Despite the fact that communities expressed these concerns at town hall meetings where TotalEnergie’s executives were present, no action was taken, AFIEGO’s Kamugisha added.
TotalEnergies did not respond to a request for comment.
In addition, Kamugisha said the project’s environmental and social impact assessment (ESIA) funded by TotalEnergies as permitted by Ugandan law was comparable to that of a “defendant leading his own case”.
“The results will be as they want them to be, which in this case indicates that the remaining impacts will be low or negligible,” he added.
Moses Dhaba Sadha, UWA’s head of security to enforce ESIA compliance, said the authority had provided feedback on minimizing the effects in the park.
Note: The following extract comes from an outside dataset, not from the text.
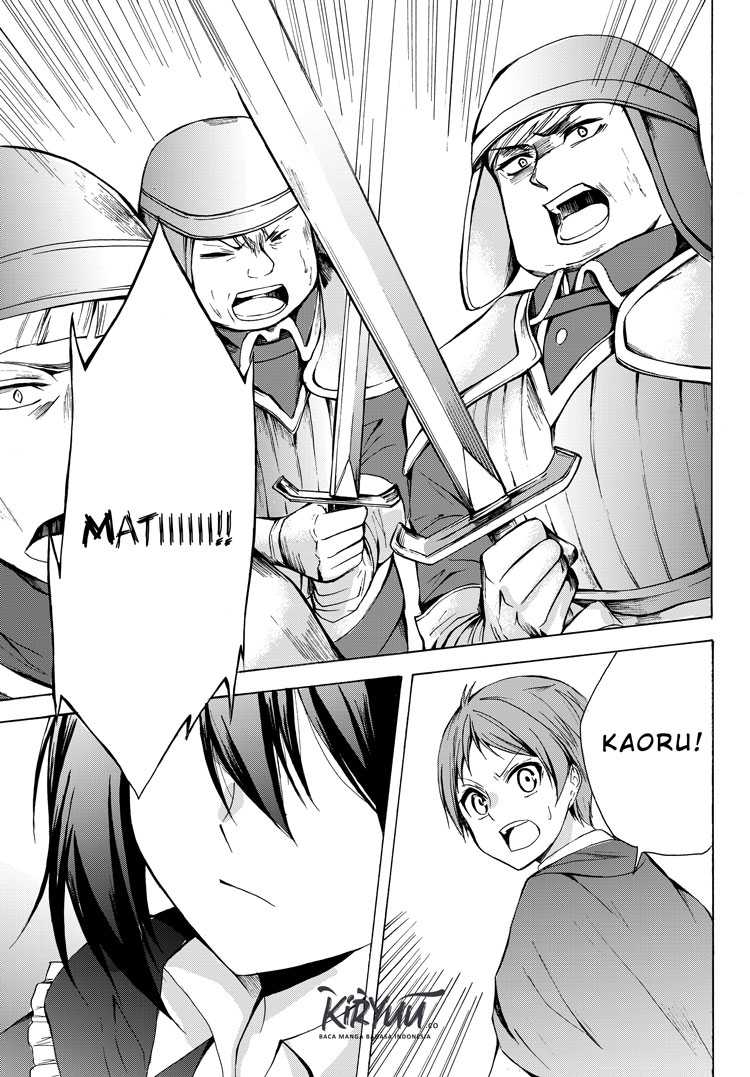 Potion-danomi de Ikinobimasu! Chapter 19 Gambar 32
For example, in a known breeding area for Ugandan copper, a 100 meter buffer zone was created. Or in a depression where buffaloes bathe, a 30-meter buffer zone.
“We tried to find a compromise in that if oil activities were to be carried out, they had to be carried out with care for the ecosystem,” Sadha added.
In July, the East African crude oil pipeline company applied for a license to kickstart the development of the pipeline, where oil drilling was to begin early next year, according to local media. Production of 230,000 barrels per day is planned for 2025.
Sadha said UWA has already received delegations from the DRC and Ghana who are eager to see how the authority manages conservation with oil development as they are interested in doing the same.
“This is the most worrying part of this disastrous project,” said the former IUCN staffer. “When you allow oil drilling in a protected area, it opens the door to many other devastating projects.”
Meanwhile, citizens like Chemonges seem to have been drawn into the official message: that oil is necessary for Uganda’s economic development, and mitigation measures will ensure that drilling does not affect conservation.
“My initial belief was that oil exploration and drilling would cause serious migrations or deaths to animals, but that was a myth,” the ranger said. When Chemonges was asked if oil development should be extended to other national parks throughout Africa, Chemonges remained silent.